The extraordinary life of the 1920s Lady Gaga


She was said to walk around Venice at night with her pet cheetahs, naked but for a fur cloak: Luisa Casati was both an eccentric and a pioneer, the author of a new biography tells Fiona Macdonald.

In April 1917, three years into World War 1, Pablo Picasso attended a dinner hosted by the wealthy heiress Marchesa Luisa Casati in Rome. “It was so preposterous a contrast to the shell-shocked Paris that Picasso had recently left that he retained a precise visual memory of it for the rest of his life,” writes Judith Mackrell in her new book The Unfinished Palazzo. “Forty years later he could still recall the footmen in their 18th-Century livery who’d thrown copper filings onto the dining-room fires in order to turn the flames green; the massive boa constrictor that had lounged in golden coils on a polar bear skin rug… and above all, the startling appearance of Luisa herself, dressed in a pearl-embroidered gown with a stiff Elizabethan ruff and a neckline that plunged to her navel.”

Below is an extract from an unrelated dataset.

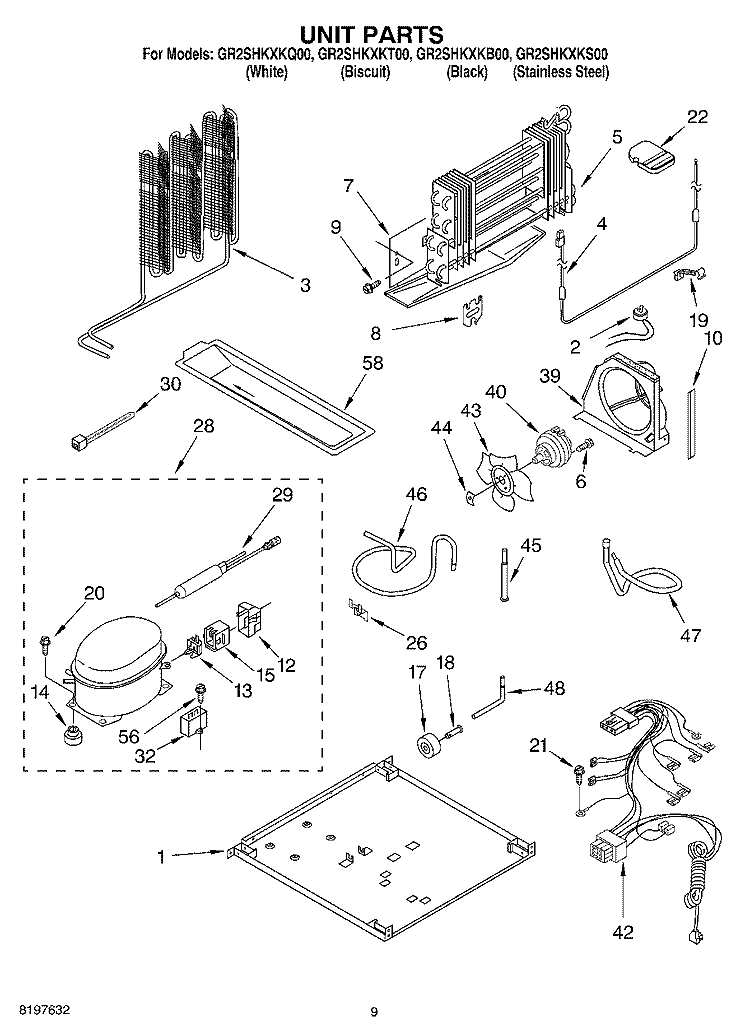 UNIT Diagram and Parts List for GR2SHKXKQ00  Whirlpool Refrigerator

Born in Milan in 1881 and orphaned at the age of 15, Luisa Casati was to become a figure shrouded in legends as elaborate as the clothes she wore. Almost pathologically shy, she had a menagerie of pets, which included a boa constrictor she wore around her neck, white peacocks trained to perch on her windowsills and a flock of tame albino blackbirds dyed different colours to match the themes of her parties. She commissioned the costume designer of the Ballets Russes to create ever more outrageous outfits, notably one made of tiny electric lightbulbs that short-circuited and gave her an electric shock so powerful it forced her into a backward somersault. And she was fascinated by the occult, always carrying a crystal ball and collecting wax replicas of herself, including one that was life-sized with a wig made from her own hair: when hosting dinner, she would sit the figure next to her and in the dim candlelight her guests struggled to make out which was the real Luisa.

Casati was physically striking, enhancing her features in an unusual way, as a 2003 profile in The New Yorker described. “The Marchesa was exceptionally tall and cadaverous, with a head shaped like a dagger and a little, feral face that was swamped by incandescent eyes. She brightened their pupils with belladonna and blackened their contours with kohl or India ink, gluing a two-inch fringe of false lashes and strips of black velvet to the lids,” wrote Judith Thurman in a feature accompanied by sketches by Karl Lagerfeld, a fan of Casati. “She powdered her skin a fungal white and dyed her hair to resemble a corona of flames… Her contemporaries couldn’t decide if she was a vampire, a bird of paradise, an androgyne, a goddess, an enigma, or a common lunatic.”

Artistic license

Yet Casati was not simply a flamboyant eccentric, as Mackrell reveals in her book. Her parties – and the costumes she wore for them – were choreographed performances rather than just society events, and she aimed to be ‘a living work of art’. Casati “straddled the period of belle époque decadence and early modernism, in terms of the art that she appreciated, in terms of the way that she wanted to present herself,” Mackrell tells BBC Culture. Ezra Pound immortalised her peacocks in his epic poem The Cantos and the photographer Man Ray described her as “a Surrealist version of the Medusa” after she wouldn’t stop moving in a sitting for him – Casati so loved his blurry portrait, in which she had three pairs of eyes, that she sent it to all of her friends, including her lover Gabriele d’Annuzio.